Si teme per l’ingresso a gamba tesa delle autorità USA, che già nel corso degli ultimi mesi non si sono dimostrate granché morbide nei confronti delle società che offrono scambi su Bitcoin e crypto, in particolare se non registrate negli USA o se comunque con servizi gestiti da fuori dai confini di Washington.
Una situazione però che ci appare come ingigantita, dato che nella nostra ultima indagine sul Magazine ci siamo occupati proprio dei trasferimenti di denaro dalla Russia alla Turchia per aggirare le sanzioni, utilizzando anche le crypto ma senza… passare dagli exchange.
Sono due gli exchange che hanno deciso di reagire immediatamente agli attacchi partiti dai giornali – e pilotati dal DOJ – riguardanti la possibilità per gli utenti russi di utilizzare certe banche all’interno degli exchange. A destare la preoccupazione (e a innescare la possibile reazione) delle autorità USA sono quelle banche sottoposte di fatto ad un embargo finanziario e che hanno ormai da tempo zero possibilità di accedere ai circuiti internazionali tramite SWIFT.

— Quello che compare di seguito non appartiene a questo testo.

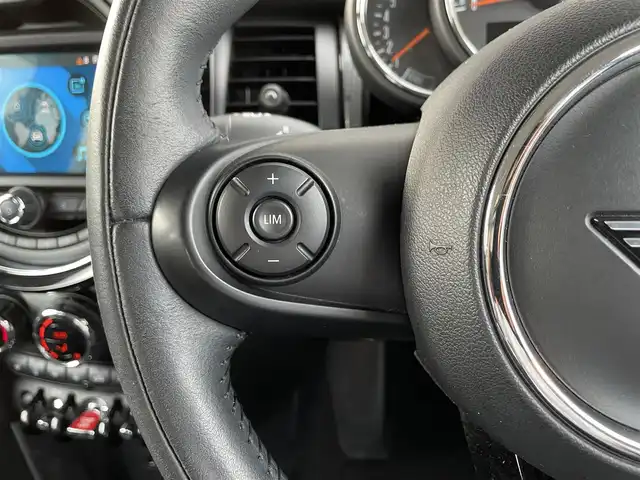 ＭＩＮＩ ミニ クーパー 長野県 2019(平31)年 2.9万km エメラルドグレー ・後期型 /・黒革シート /・シートヒーター /・ナビ /・バックカメラ /・ETC /・LEDヘッドライト/・LEDフォグライト /・インテリジェントセーフティ /・アイドリングストップ /・アンビエントライト
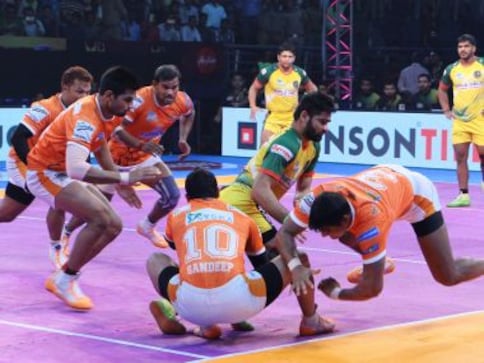 Pro Kabaddi League 2017: Puneri Paltan down Patna Pirates, Jaipur Pink Panthers edge UP Yoddha Pro Kabaddi League 2017: Puneri Paltan down Patna Pirates, Jaipur Pink Panthers edge UP Yoddha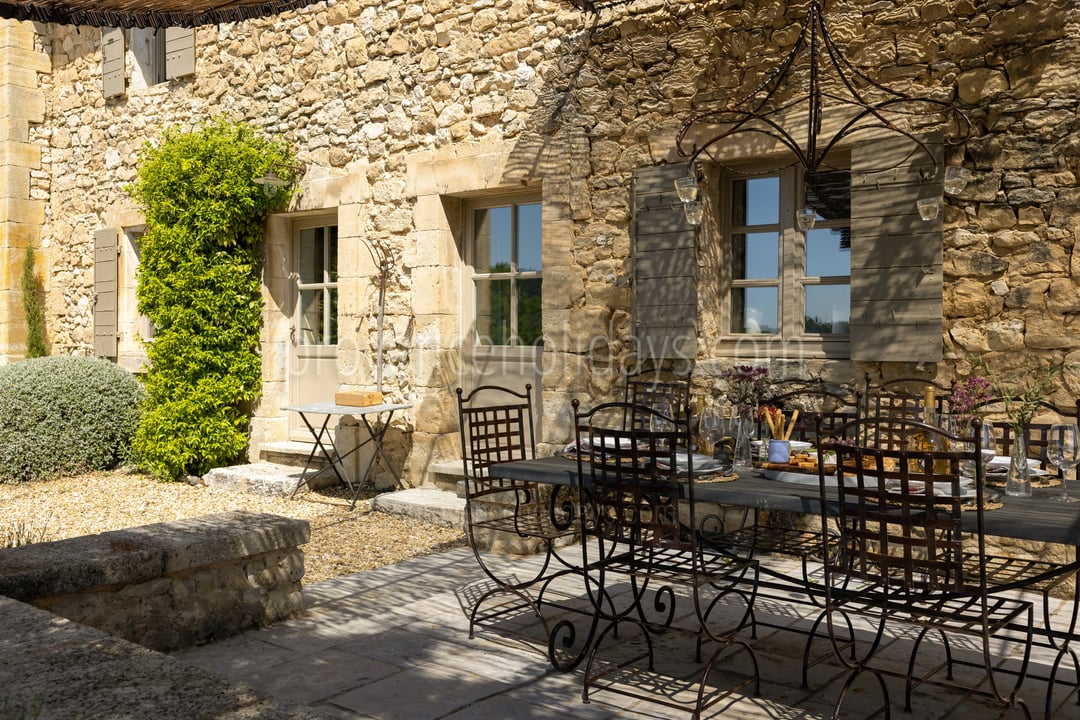 4 - Le Mas de Murs: Villa: Exterior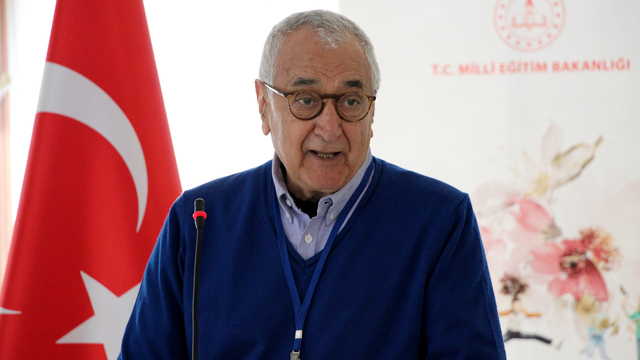 Doğan Cüceloğlu'nun ismi fen lisesine verildi
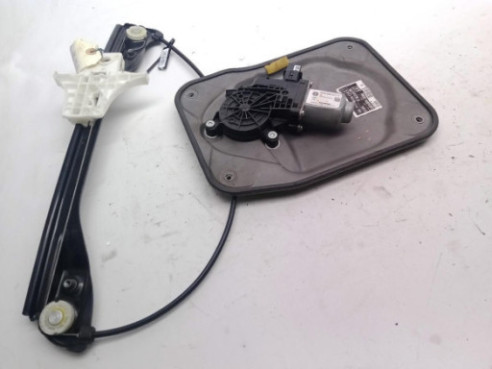 6R0959812D ELEVALUNAS PUERTA LAT TRA DER SKODA FABIA II (542)|Desguaces La Cabaña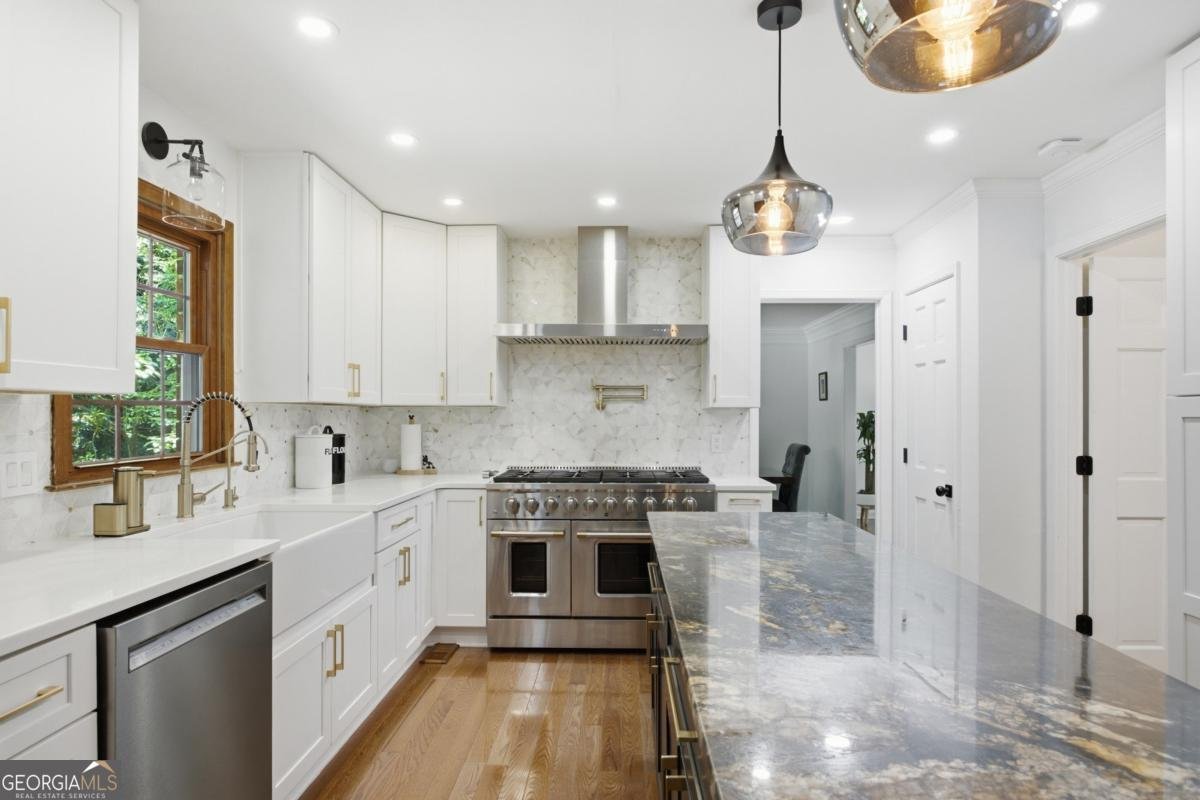 395 Spindle Court Sandy Springs - Photo 9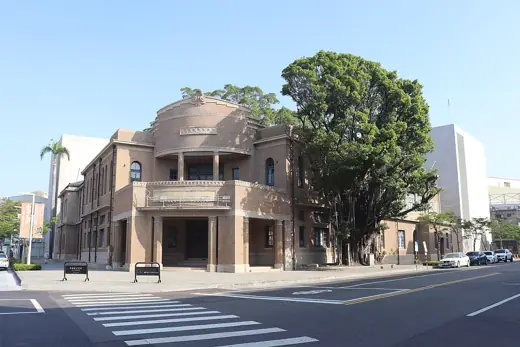 Photo 5: Exterior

Secondo quanto è stato riportato da diverse testate russe, non ci sarebbe ora la possibilità di utilizzare banche come Sberbank anche per ricevere denaro P2P da quelle piattaforme, segno del fatto che anche soltanto l’aver agitato minacce a mezzo stampa ha in realtà spaventato gli exchange a sufficienza. Anche quando, come nel caso di OKX e di Bybit, non hanno propriamente sede negli Stati Uniti.
Tutto questo mentre parliamo di capitali minimi che sono spostati attraverso questo canale – con i professionisti del contrabbando di denaro che hanno scelto vie ben più proficue e più difficili da controllare – dove gli exchange non c’entrano nulla proprio perché anello debole che è il più facile da attaccare per le autorità.
Sta di fatto che a pagare sono utenti che con ogni probabilità spostavano poche centinaia di dollari tramite il proprio conto personale e che difficilmente avrebbero potuto fare da appoggio ad operazioni più articolate a favore di oligarchi o di soggetti presenti in blacklist.
Le autorità, in particolari quelle USA, si sono lamentate più e più volte di avere difficoltà ad implementare e a far rispettare regole da parte degli operatori crypto offshore. Difficoltà che a quanto pare, almeno in questo frangente, è venuta meno, con 3 exchange di dimensioni importanti che hanno deciso di interrompere certi servizi nonostante manchino ancora richieste formali o indagini avviate e concrete.
Segno che gli intermediari crypto non possono fare altrimenti – e che in presenza di minacce di una certa caratura, hanno più che interesse ad omologarsi.